The AlAs cladding layer 14 and the p-type GaAs cap layer 15 are etched. Then, the silicon oxide film is removed by etching with hydrofluoric acid to form the structure shown in FIG. In this case, the width of the GaAs active layer 13 is about 0.8 μm. Next, as shown in FIG. 3C, a silicon oxide film or a silicon nitride film 16 is formed on the entire surface by CVD, ECR plasma deposition or RF magnetron sputtering technique, and the GaAs active layer 13, p-type GaAlAs cladding layer 14 and p
It is formed so as to cover the side surface of the GaAs cap layer 15. Next, as shown in FIG. 3D, a photoresist pattern 20 is formed on the convex portion of the silicon nitride film 16 by using the photolithography technique, and the flat portion of the silicon nitride film 16 is chemically etched with hydrofluoric acid or Reactive ion etching is performed using a reactive gas such as Freon to remove the ions. Next, a silicon nitride film 1 is formed by using an organic solvent or plasma ashing method.
The photoresist pattern 20 on the convex portion 6 is removed.
Next, as shown in FIG. 7E, semi-insulating ZnSxSe _1-x lattice-matched to GaAs is formed on the entire surface by MOCVD or MBE to form a ZnS _0.08 Se _0.92 semi-insulating layer 17. In this case, the supply ratio of the raw material containing S and the raw material containing Se on the n-type GaAlAs cladding layer 12 and the silicon nitride film 16 heated to a relatively low temperature of about 250 ° C. to 400 ° C. by MOCVD or MBE method.
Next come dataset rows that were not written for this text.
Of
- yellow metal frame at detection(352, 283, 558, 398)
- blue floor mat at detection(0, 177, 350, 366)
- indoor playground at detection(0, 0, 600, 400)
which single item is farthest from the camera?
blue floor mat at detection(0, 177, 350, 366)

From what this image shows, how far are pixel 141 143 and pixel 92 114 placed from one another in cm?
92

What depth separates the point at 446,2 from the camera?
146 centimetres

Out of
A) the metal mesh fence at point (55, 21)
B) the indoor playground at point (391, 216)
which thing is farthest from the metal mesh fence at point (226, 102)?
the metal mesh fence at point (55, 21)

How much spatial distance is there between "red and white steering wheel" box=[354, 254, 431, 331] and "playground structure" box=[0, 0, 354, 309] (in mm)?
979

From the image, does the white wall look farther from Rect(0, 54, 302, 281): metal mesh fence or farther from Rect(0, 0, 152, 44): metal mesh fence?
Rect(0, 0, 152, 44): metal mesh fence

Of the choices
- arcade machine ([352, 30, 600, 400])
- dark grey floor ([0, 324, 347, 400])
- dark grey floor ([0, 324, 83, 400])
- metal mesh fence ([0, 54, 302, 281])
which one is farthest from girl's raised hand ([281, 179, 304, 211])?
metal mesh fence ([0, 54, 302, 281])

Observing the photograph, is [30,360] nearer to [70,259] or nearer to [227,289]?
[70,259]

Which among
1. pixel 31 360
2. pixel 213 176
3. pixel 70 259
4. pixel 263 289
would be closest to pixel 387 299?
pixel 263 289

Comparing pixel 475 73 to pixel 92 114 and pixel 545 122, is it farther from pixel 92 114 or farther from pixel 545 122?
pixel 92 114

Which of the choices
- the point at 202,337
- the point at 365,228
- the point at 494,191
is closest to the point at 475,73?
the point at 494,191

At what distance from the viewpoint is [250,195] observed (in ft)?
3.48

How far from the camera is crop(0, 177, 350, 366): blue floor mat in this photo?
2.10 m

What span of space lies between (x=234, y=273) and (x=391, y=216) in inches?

Of ZnSxSe _1-x having a desired composition ratio x by supplying a raw material containing Zn while controlling the
ZnS _0.08 Se _0.92 semi-insulating layer 17 consisting of is deposited. The specific resistance of the semi-insulating layer 17 is about 10 MΩ-cm or more in the case of a high-purity layer without doping. Further, of the semi-insulating layer 17, the portion in contact with the n-type GaAlAs cladding layer 12 is single crystal, and the silicon nitride film 16 is polycrystalline or amorphous. Next, when this is immersed in a mixed solution of hydrogen peroxide and ammonia, which is an etching solution of ZnSSe, the polycrystalline or amorphous region of the semi-insulating layer 17 is etched faster than the single crystal region. The shape is as shown in FIG. The semi-insulating layer 17 may be etched by using a dry etching method such as RIE. Next, the exposed portion of the silicon nitride film 16 is removed by etching in hydrofluoric acid to expose the p-type GaAs cap layer 15 as shown in FIG. Then n-type GaAs
The substrate 11 is polished to a thickness of about 100 μm. After that, chromium and gold are sequentially deposited on the surfaces of the p-type GaAs cap layer 15, the silicon nitride film 16 and the semi-insulating layer 17 to be laminated, and an alloy of gold and germanium is further formed on the bottom surface of the n-type GaAs substrate 11. Is vapor-deposited and heat-treated to alloy the metal with the semiconductor to form a p-type electrode 18 and an n-type electrode 19 as shown in FIG. When the p-type electrode 18 is formed, a photolithography technique is used so that the electrode is formed approximately 10 μm inward from the end face region in order to prevent the end face deterioration during laser operation peculiar to the GaAs system. Further, in this semiconductor laser, a laser having a cavity length of about 300 μm was cut out from the wafer by cleavage. According to such a manufacturing method, the manufacturing process is easy and the production can be performed with a high yield.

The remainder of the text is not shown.